Trinity Mirror upgrades 2013 profit forecast

Digital revenue up 32%, but publisher signals impairment charges

British newspaper publisher Trinity Mirror has upgraded its 2013 profit estimates after securing better-than-expected revenues in November and December. But it has also announced that it will take some hefty impairment charges.

The company said it expected adjusted operating profit for 2013 to be ahead of market forecasts by 4 per cent, with adjusted earnings per share 5 per cent ahead of estimates, after the final two months of the year saw strong growth for digital revenue, among other activities.

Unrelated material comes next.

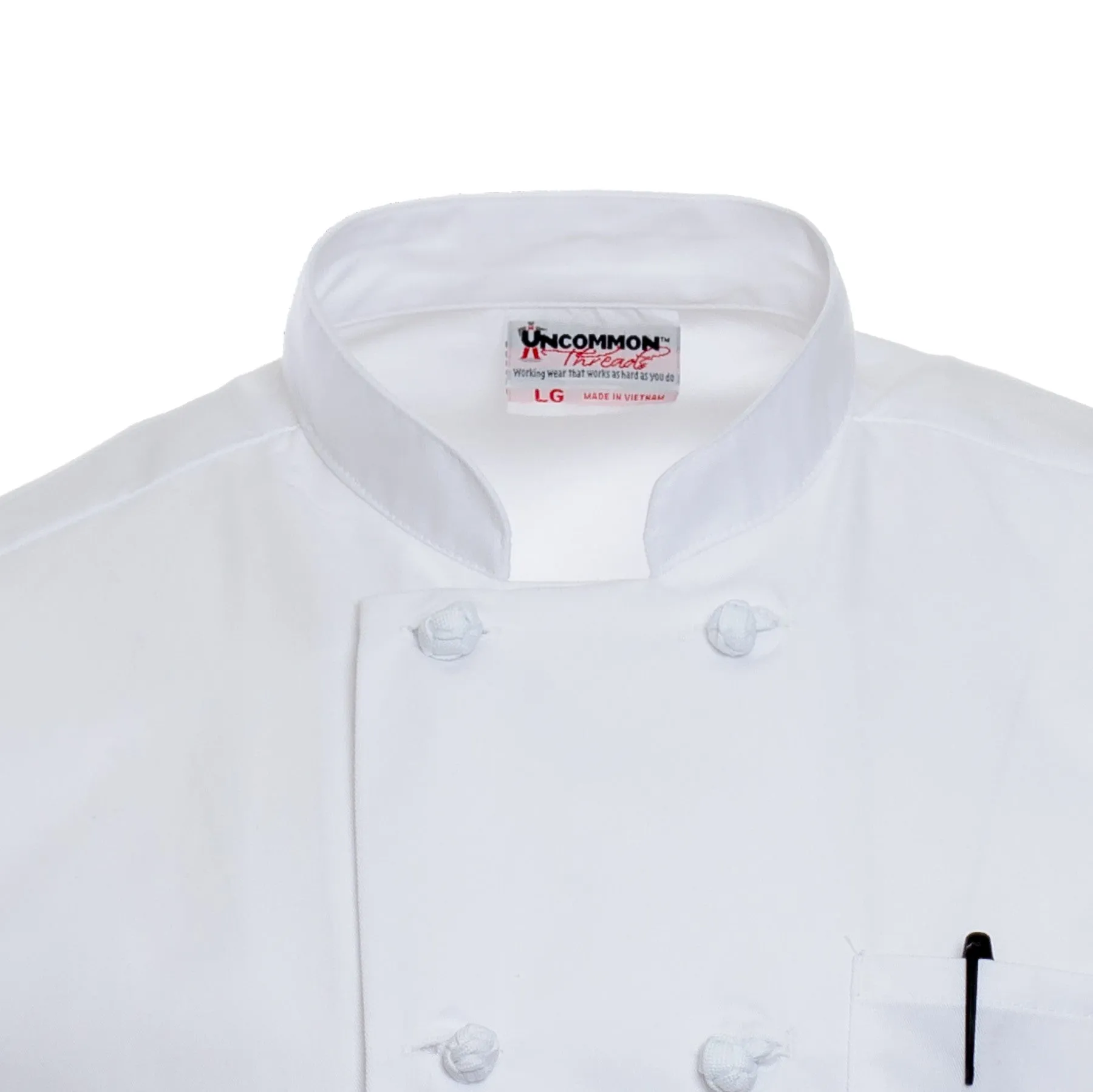 White Short-Sleeve Knot Button Chef Coat 4701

However, following an annual review, it expects a non-cash impairment charge of £225 million in respect of the group’s goodwill and intangible assets.

The company, which is headed by former HMV chief executive Simon Fox, also expects a separate non-cash impairment charge in the company balance sheet of around £700 million relating to investments in subsidiaries.


Mr Fox said the impairments had no bearing on the progress the company was making. “I continue to believe that the business has significant long term potential,” he said.

The company said 2014 had started in line with its expectations, with total revenue in January falling 4 per cent, but that digital revenue for its publishing division has increased 32 per cent year-on-year. Higher newsprint prices will be offset by “further structural cost savings” and ongoing cost control, it added.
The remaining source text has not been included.